*What is required*
Reproduce the records below exactly, but only between the lines holding "从零开始，轻松掌握TPWa" and "Download Lagu Bhajo", inclusive.

*Materials provided*
* * * * *

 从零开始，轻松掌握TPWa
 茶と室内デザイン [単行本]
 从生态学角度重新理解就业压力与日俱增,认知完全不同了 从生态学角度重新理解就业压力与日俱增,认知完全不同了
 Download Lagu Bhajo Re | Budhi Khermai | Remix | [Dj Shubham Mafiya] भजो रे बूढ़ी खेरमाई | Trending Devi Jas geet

* * * * *

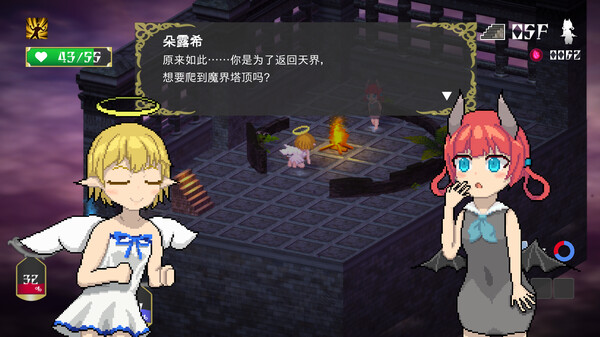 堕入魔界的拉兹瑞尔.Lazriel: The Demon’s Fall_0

* * * * *

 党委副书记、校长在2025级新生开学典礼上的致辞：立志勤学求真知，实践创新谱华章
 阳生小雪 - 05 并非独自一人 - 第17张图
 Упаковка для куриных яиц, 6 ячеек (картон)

* * * * *

*Written response*
 从零开始，轻松掌握TPWa
 茶と室内デザイン [単行本]
 从生态学角度重新理解就业压力与日俱增,认知完全不同了 从生态学角度重新理解就业压力与日俱增,认知完全不同了
 Download Lagu Bhajo Re | Budhi Khermai | Remix | [Dj Shubham Mafiya] भजो रे बूढ़ी खेरमाई | Trending Devi Jas geet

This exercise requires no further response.